Note: This is a long, rambling, train of thought post. The tl;dr version is: Emotional connection to bots happens, we get sad when things we care for go away, so there’s a big ethical risk associated with human-acting bots living in unportable platforms. We members of the ‘Bot 2.0’ community need to address this before we get too far.
A little over a year ago I started playing a cloud-based iPhone game called GodVille. GodVille describes itself as a Zero Player Game. You take the role of a god, you create a hero, and you send that hero out into the game world to fight on your behalf. Your hero is an independent being. When you come back to check on them, they will have recorded an entertaining diary of monsters fought, treasures collected, and items sold, all without your input. You only have four influence options on your hero: you can encourage them, which makes them heal faster, discourage them, which makes them fight better, shout down at them, and activate some of the items they pick up.
While it isn’t a very interactive game, it’s still a compelling experience. I check on my hero every day or two, look for interesting items to activate, and encourage him as much as I can.
Your GodVille hero can’t permanently die. They can be killed, but they’ll just wait around in the ground, writing notes in their diary until you resurrect them. (They’ll get tired of waiting for you and dig themselves out after a few days.) Not killing these bot-like characters is common in online games, permanent death is generally reserved for the hardcore modes of single player releases. (A really interesting article in wired.co.uk postulates that the free to play model is driving this, because developers don’t want to give you an excuse to walk away from their microtransactions, or get the feeling that your money was wasted.)
Once sufficiently powerful, your GodVille hero can adopt a pet, it’s own sub-bot that helps it fight and gains it’s own levels. My hero adopted a pet earlier this year. Over the a few weeks I watched the pet (a dust bunny named Felix) fight along side my hero, shield him from attacks and help heal him. The pet went up in level, gained some abilities, and everything was going just peachy.
Then I opened the app one day, and the pet was dead. My hero was carrying around Felix’s corpse. I went to the web and searched for pet resurrection, but found it wasn’t possible. Sometimes the hero will pay to have the pet resurrected, sometimes they’ll just bury them. After a grieving period, they’ll adopt a new one.

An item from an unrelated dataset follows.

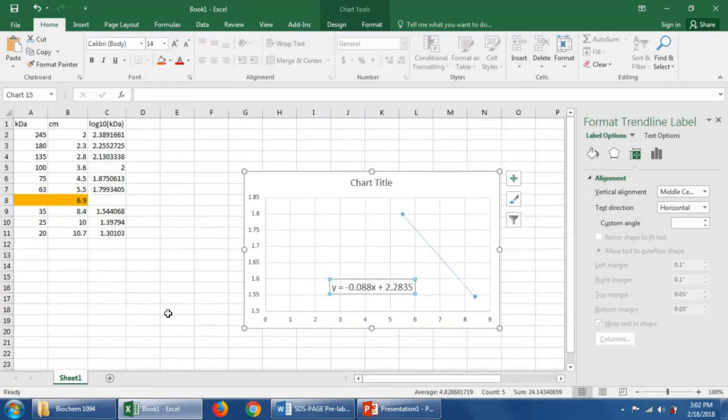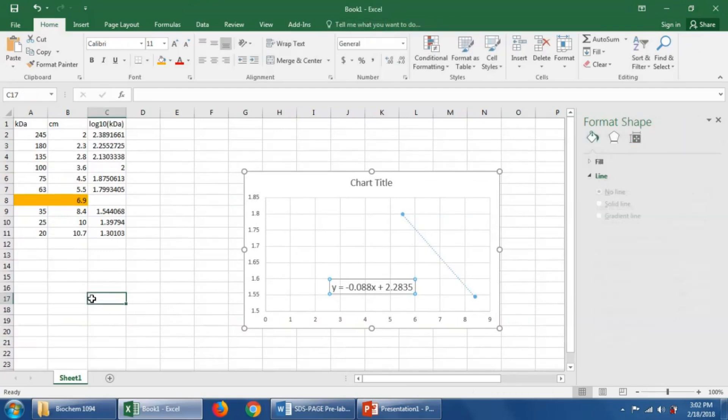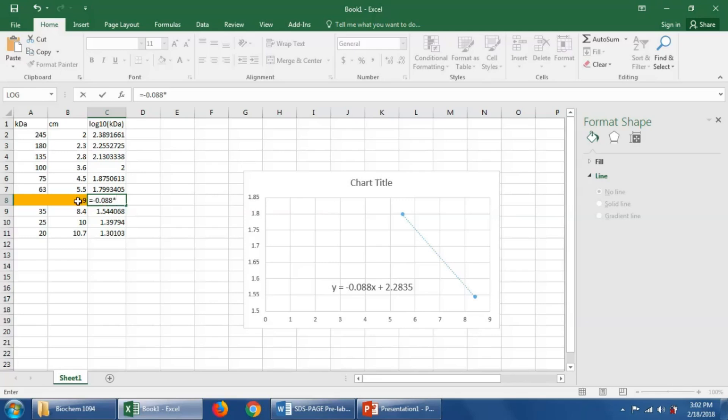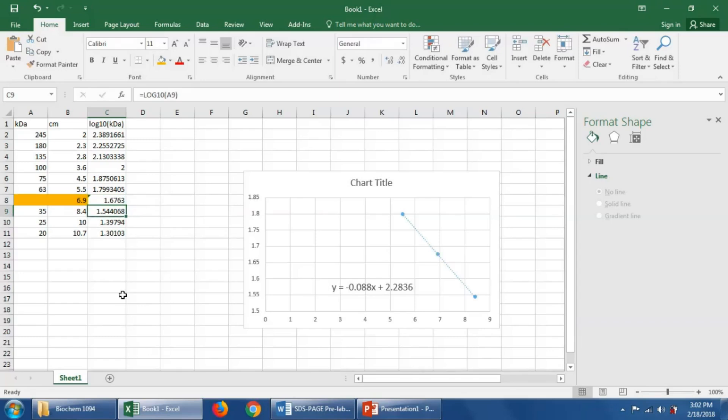We can come over here and we can say equals minus 0.088, and then we're going to say times 6.9. We can just click it, times 6.9, plus 2.2835. And there, we've calculated the log base 10 of the molecular weight.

Felix’s death had a lot more of an emotional impact on me than I expected. I didn’t know Felix, I never met it, it really only existed as a few hundred bytes of data on a server somewhere. I’ve had more interactions with lamps in my house than I did with Felix. If you tip a lamp I really like off a table and shatter it into a million pieces, I may be angry, but I likely won’t feel an immediate emotional loss.
A Lamp with Feelings
Felix’s death was hard because I’d made an emotional connection to him, watching him interact with my hero. His death highlighted my powerlessness in the game. I can resurrect my hero, within the confines of the game mechanic, but I can’t resurrect his pet. No matter what I do, no matter how hard I try, I can’t bring Felix back to life.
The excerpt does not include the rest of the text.